An achingly heartfelt and surprisingly funny memoir about family, grief, and moving forward.
*
When her brother dies from cancer, and then her mother just four months later, Teresa Strasser has no one to mourn with but her irresponsible, cantankerous, trailerpark-dwelling father. He claims not to remember her chaotic childhood, but he's a devoted grandpa, so as her son embarks on his first season pitching in Little League, Teresa and Nelson form a grief group of two in beach chairs lined up behind the first base line.
*
There are no therapeutically trained facilitators and no rules other than those dictated by the Little League of America, and the human heart. For Teresa and her father, the stages of grief are the draft, the regular season, and the playoffs. One season of baseball becomes the framework for a memoir about family, loss, and the fundamentals of baseball and life.
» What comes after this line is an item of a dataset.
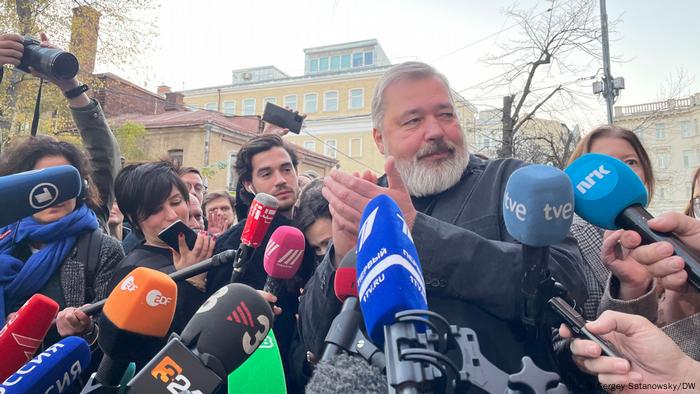 Дмитрий Муратов после новости о получении Нобелевской премии мира на встрече с коллегами-журналистами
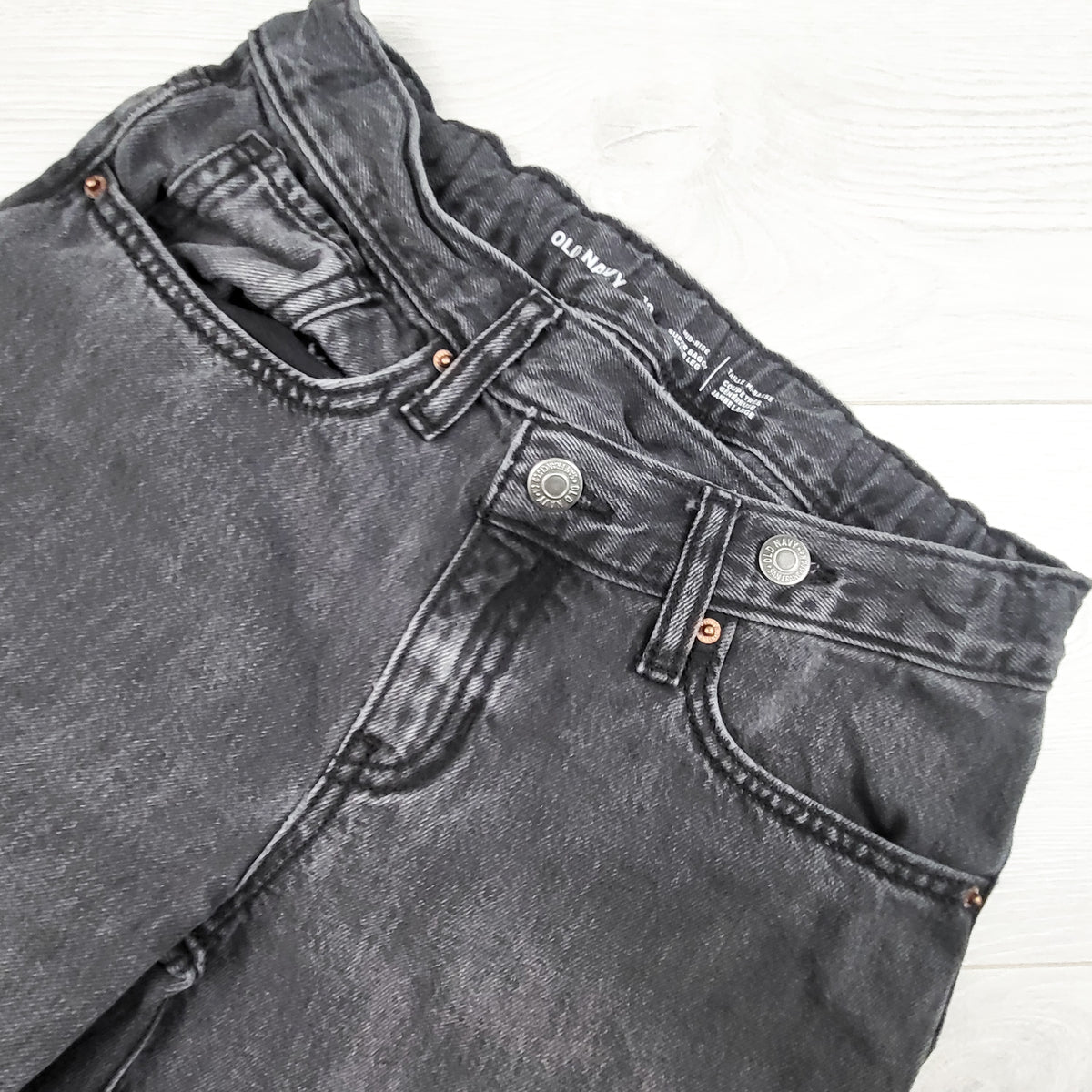Old Navy black mid-rise baggy wide leg jeans. Size 10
They cheer, talk smack about other teams, scream at each other in the parking lot, and care way too much about Little League.
*
Making It Home is a bracingly honest journey through grief, self-doubt, and anxiety armed with humor and optimism. After all, America's pastime may be just a game, but it always leaves room for redemption, even at the bottom of the lineup.

Editorial Reviews

Publishers Weekly

★ 05/15/2023

Essayist Strasser (Exploiting My Baby) hits it out of the park in this wise—and wisecracking—memoir of grief and baseball. Four months after the death of her brother, Strasser’s mother dies, too. Reeling from those losses, she and her father, a “former mechanic with no desire to talk death,” become fixtures at her son’s Little League games, which bring them solace and offer tools for processing the tragedies. Strasser leans hard on metaphors about grief resembling baseball (“Hang in there against the pitch. Let the pitch hit you if that’s what physics has in store, and get curious about exactly how and where it stings”), but there’s hardly a foul ball in the bunch. Little League teaches her to attend to the “sliver of hope” in her heart, and that “almost any damage is reversible”; baseball doesn’t “promise a happy ending,” she muses, “but it always leaves room for one.” Wringing a surprising amount of pathos from her central conceit, Strasser transforms her grief into a lighthearted manual for soldiering through loss. Readers need never have set foot on a baseball diamond to get this heartwarming message. Agent: Anthony Mattero, CAA. (June)

From the Publisher

“A MUST READ!”USA Today

"It’s a perfect book for fans of baseball, and also wonderful for those who aren’t.” — Good Housekeeping

“Baseball has always been a way for people to come together.  In Making It Home Teresa and her father used baseball to come together and work through some of the most difficult circumstances we can imagine. This is a story about a team that becomes a family and a family that becomes a team. It is a wonderful book that powerfully captures how we work through life’s challenges with baseball as a backdrop.” – Cal Ripken, Jr.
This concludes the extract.